We now know (and knew when I was in high school, but forget that) that teens are not fully developed human beings. They may stop growing on the outside and start to look more and more like adults (especially kids like Mike, who are often male and of color), but they are still children. The cognitive research is now telling us that the human brain is not fully developed until the age of 25. And the part of the brain that is still developing is the prefrontal cortex, the part that helps you organize and make decisions, decisions like, "Would it be a good idea for me to blurt something out right now?" or "If I throw this thing across the room, am I likely to get in trouble?" or "Is getting into a fist fight ever a good idea?" or "Homework or video games?" The list goes on and on. A colleague and friend of mine has even developed this sort of knee-jerk response when we tell stories at lunch about the dumb things our kids have done. After every story, she says "underdeveloped frontal loooobe" in a funny voice.

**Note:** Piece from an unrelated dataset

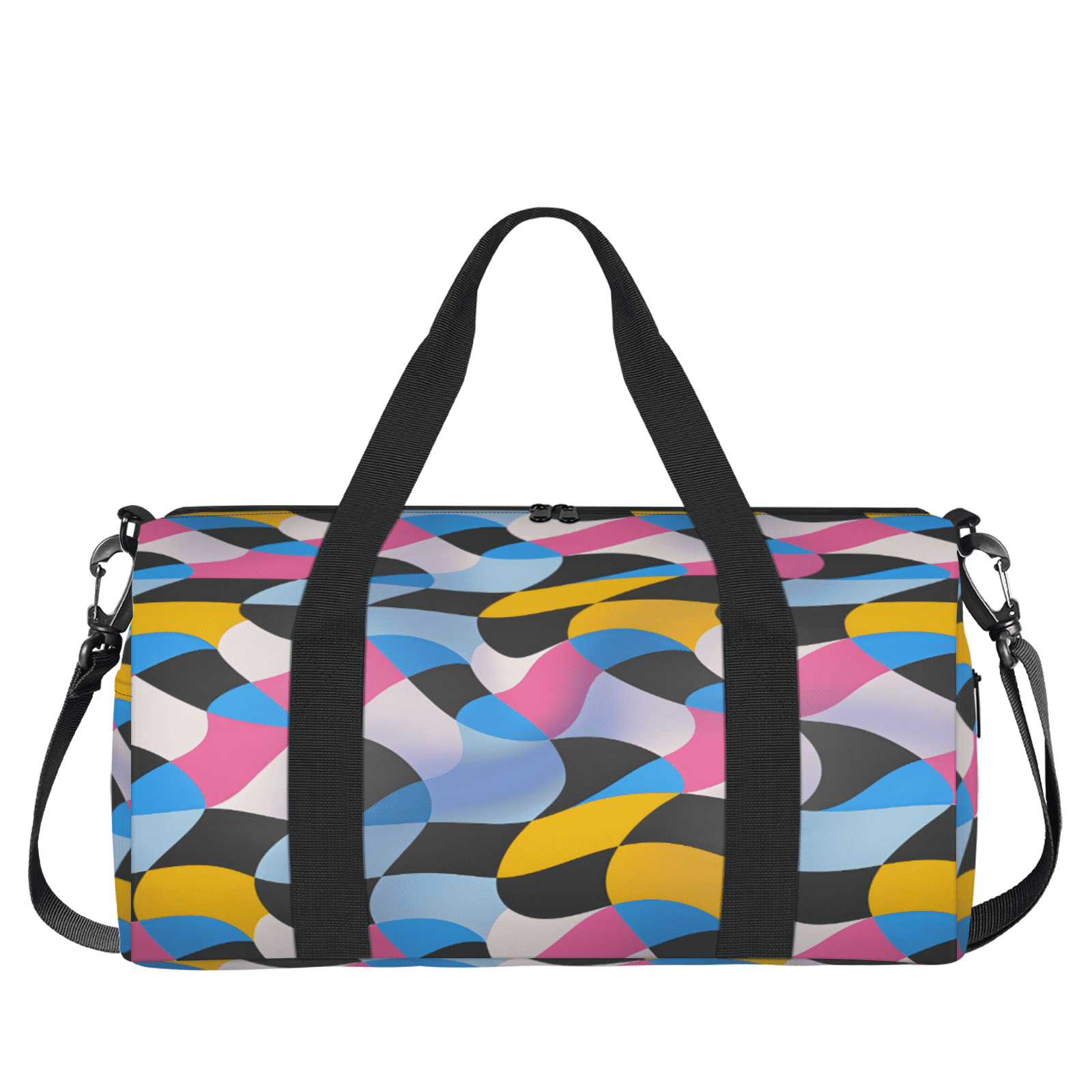 Herdesigns Geometric Shapes Travel Duffle Bag Sports Yoga Weekender Overnight Carry on Workout Bags Lightweight Waterproof Gym Tote Bag for Women Modern Abstract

When I was 22 and a brand new teacher, I found the Mikes and Johnnys of this world supremely frustrating, and I decided that they were my enemies. They were out to make sure that I could not conduct my class. And so I began to expect the worst from them--nothing but bad behavior, and certainly no academic work. And, don't get me wrong, I still lose my temper with the Mikes when they're driving me nuts. But you have to see a teen as a kid. When a kid does something dumb, HE REALLY WASN'T THINKING OF WHAT WAS GOING TO HAPPEN. In fact, he is somewhat incapable* of thinking ahead like that. So telling him that he has to be responsible and threatening him with punishment is just not going to work in a lot of cases. Calling him a bad kid will just make that label stick in his mind, so that he learns to assume that he is the kind of kid who teachers hate. And that's why these are the kids we have to love the most.



*Of course, the majority of children are able to stay out of trouble, and there are those especially mature children who are constantly thinking about their futures. But most teens just don't understand that getting bad grades now, or getting suspended, or even arrested, will mean bad things in the future.